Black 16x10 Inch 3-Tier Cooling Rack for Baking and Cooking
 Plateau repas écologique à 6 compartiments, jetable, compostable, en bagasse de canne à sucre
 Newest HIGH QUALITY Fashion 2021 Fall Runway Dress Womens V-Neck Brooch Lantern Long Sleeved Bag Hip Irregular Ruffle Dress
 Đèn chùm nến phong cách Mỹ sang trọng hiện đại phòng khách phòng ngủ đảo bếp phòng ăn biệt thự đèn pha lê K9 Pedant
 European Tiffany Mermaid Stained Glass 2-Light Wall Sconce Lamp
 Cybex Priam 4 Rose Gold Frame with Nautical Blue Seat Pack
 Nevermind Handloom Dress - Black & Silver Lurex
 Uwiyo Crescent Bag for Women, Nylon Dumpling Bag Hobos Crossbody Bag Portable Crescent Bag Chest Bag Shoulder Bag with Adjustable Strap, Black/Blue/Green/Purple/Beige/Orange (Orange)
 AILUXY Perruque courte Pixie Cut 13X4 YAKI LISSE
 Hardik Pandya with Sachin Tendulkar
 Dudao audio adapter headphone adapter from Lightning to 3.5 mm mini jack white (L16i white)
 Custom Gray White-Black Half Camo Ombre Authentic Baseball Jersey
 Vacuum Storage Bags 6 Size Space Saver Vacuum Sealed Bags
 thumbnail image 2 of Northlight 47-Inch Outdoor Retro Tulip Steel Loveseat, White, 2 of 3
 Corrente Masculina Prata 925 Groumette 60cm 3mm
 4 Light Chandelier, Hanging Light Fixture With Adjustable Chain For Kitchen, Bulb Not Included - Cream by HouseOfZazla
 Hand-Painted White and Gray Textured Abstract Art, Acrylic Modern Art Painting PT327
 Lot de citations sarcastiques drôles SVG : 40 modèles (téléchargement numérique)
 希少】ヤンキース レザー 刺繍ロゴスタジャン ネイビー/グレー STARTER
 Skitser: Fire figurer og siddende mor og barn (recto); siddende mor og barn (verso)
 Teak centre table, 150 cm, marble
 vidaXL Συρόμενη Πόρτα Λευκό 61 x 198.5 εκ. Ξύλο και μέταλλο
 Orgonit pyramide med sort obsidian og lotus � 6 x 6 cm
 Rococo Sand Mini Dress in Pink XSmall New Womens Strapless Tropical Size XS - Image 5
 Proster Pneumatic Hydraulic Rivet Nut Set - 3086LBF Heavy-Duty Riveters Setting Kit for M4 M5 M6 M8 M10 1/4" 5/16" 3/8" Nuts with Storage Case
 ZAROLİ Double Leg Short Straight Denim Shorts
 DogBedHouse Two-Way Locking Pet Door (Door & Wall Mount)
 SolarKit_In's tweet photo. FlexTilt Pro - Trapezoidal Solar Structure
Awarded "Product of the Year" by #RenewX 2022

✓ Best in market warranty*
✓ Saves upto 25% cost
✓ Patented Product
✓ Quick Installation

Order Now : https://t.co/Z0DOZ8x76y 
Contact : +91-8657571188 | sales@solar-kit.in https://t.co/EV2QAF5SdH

··········

### Problem statement
Here the job is to set down exactly the lines of the material above that fall between the one with "European Tiffany Mermaid" and the one with "Teak centre table, 150 cm, marble", inclusive, and nothing beyond them.

### Response to the exercise
 European Tiffany Mermaid Stained Glass 2-Light Wall Sconce Lamp
 Cybex Priam 4 Rose Gold Frame with Nautical Blue Seat Pack
 Nevermind Handloom Dress - Black & Silver Lurex
 Uwiyo Crescent Bag for Women, Nylon Dumpling Bag Hobos Crossbody Bag Portable Crescent Bag Chest Bag Shoulder Bag with Adjustable Strap, Black/Blue/Green/Purple/Beige/Orange (Orange)
 AILUXY Perruque courte Pixie Cut 13X4 YAKI LISSE
 Hardik Pandya with Sachin Tendulkar
 Dudao audio adapter headphone adapter from Lightning to 3.5 mm mini jack white (L16i white)
 Custom Gray White-Black Half Camo Ombre Authentic Baseball Jersey
 Vacuum Storage Bags 6 Size Space Saver Vacuum Sealed Bags
 thumbnail image 2 of Northlight 47-Inch Outdoor Retro Tulip Steel Loveseat, White, 2 of 3
 Corrente Masculina Prata 925 Groumette 60cm 3mm
 4 Light Chandelier, Hanging Light Fixture With Adjustable Chain For Kitchen, Bulb Not Included - Cream by HouseOfZazla
 Hand-Painted White and Gray Textured Abstract Art, Acrylic Modern Art Painting PT327
 Lot de citations sarcastiques drôles SVG : 40 modèles (téléchargement numérique)
 希少】ヤンキース レザー 刺繍ロゴスタジャン ネイビー/グレー STARTER
 Skitser: Fire figurer og siddende mor og barn (recto); siddende mor og barn (verso)
 Teak centre table, 150 cm, marble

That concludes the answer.